Secondly, Freund and colleagues looked at cold pressure (CP) pain tolerance in 11 runners completing the 4478 km (2789 mile) long TransEurope FootRace 2009 (TEFR09) and compared them with 11 age, sex and ethnicity matched controls without marathon experience during the past 5 years (Freund et al “Ultra-marathon runners are different: Investigations into pain tolerance and personality traits of participants of the TransEurope FootRace 2009” Pain Practice 2013; 13: 524-532). They also performed the 240 item trait and character inventory (TCI) as well as the general self-efficacy (GSE) test. TEFR09 participants had a highly significant greater cold pain tolerance in the CP test than controls (p < 0.00002). There were no differences in the GSE test, but the TEFR09 participants appared less cooperative and reward dependent, but more spiritually transcendent, than the controls in the TCI test.

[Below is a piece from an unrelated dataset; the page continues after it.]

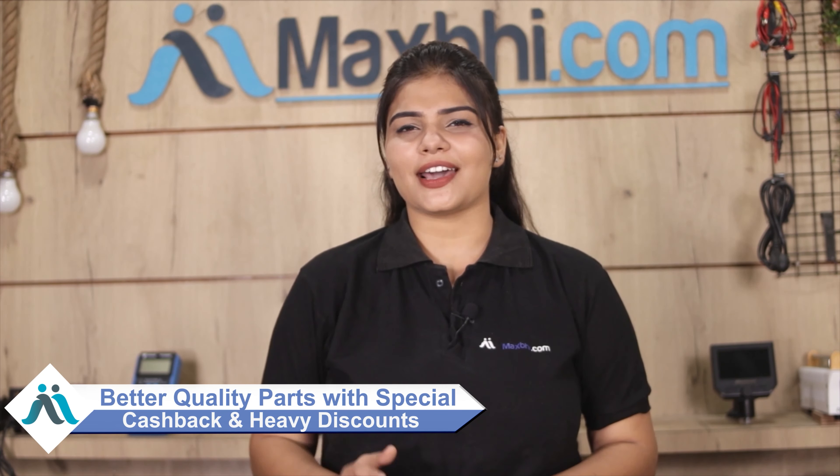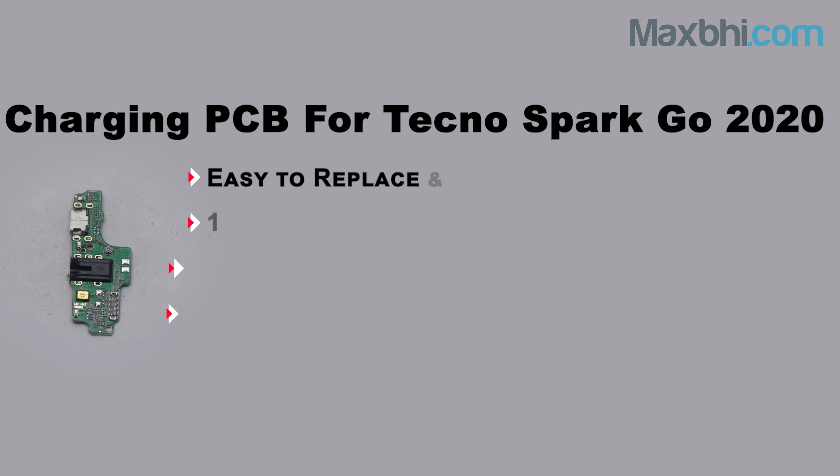Maxp.com has been serving thousands of happy customers with quality phone parts for the past 6 years. So don't wait — order now and take advantage of special cash payment options and heavy discounts. Get better quality parts for your phone today. Thank you.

The authors conclude that low pain perception may predispose an individual to become an ultramarathon runner, however, it remains unclear whether low pain perception is a cause or consequence of continuous extreme running exercise.

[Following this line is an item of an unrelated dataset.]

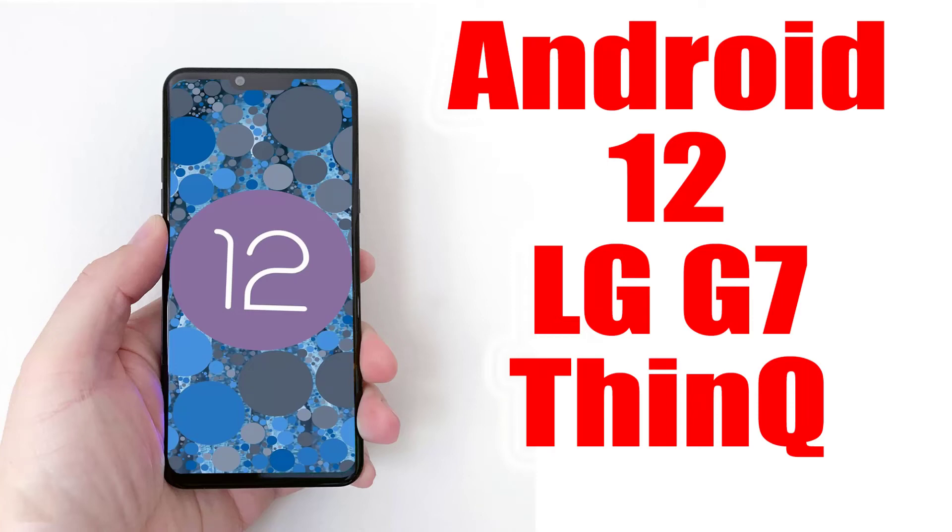Install Android 12 on LG G7 ThinQ via Lineage OS 19.1.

From Freund 2013. Time course of mean pain intensity ratings during immersion of left hand in ice water. The x-axis shows the time of immersion, the y-axis the pain rating (NRS from 0 - 10). Error bars denot the SD. Asterixes are placed over measurements with significant differences among the groups.
 
From Freund 2013. Comparison of personality traits between TEFR09 participants and controls using the TCI test and correlation with cold pressor (CP) pain scores  

In summary, ultramarathon running training and racing is clearly associated with pain and it is therefore not surprising that most studies of runners show both acute and chronic decreased sensitivity to pain. This has been found also in other endurance trained athletes, for instance triathletes (Geva et al “Enhanced pain modulation among triathletes: A possible explanation for their exceptional capabilities” Pain 2013; 154: 2317-2323). I think that if you cannot endure, and even in some way thrive on, pain you will not continue run ultramarathons and the first preliminary studies of pain in long endurance running indicate that the positive effects of running, like Runner’s High, might be complemented by enhanced direct pain suppressive mechanisms. I am concerned that the widespread use of non-steroid anti-inflammatory drugs (NSAIDs) in runners, see for instance the widely debated recent study published by Küster and colleagues in British Medical Journal (Kürster et al “Consumption of analgesics before a marathon and the incidence of cardiovascular, gastrointestinal and renal problems: a cohort study” BMJ Open 2013; 3: e002090) might be a dangerous shortcut to replacing these endogenous mechanisms of pain regulation. Not surprisingly, use of NSAIDs was higher among finishers (60.5%) than non-finishers (46.4%) of the 2009 WSER and Vermont 100 Endurance Race (p =0.006) (Hoffman & Fogard “Factors related to successful completion of a 161-km ultramarathon” Int J Sport Physiol Perform 2011; 6: 25-37). I do not think stronger analgesics like some NSAIDs, even though still allowed, has any place in ultramarathon races. Ultramarathon running is really as much about pain management as about lung capacity and muscle strength and endurance.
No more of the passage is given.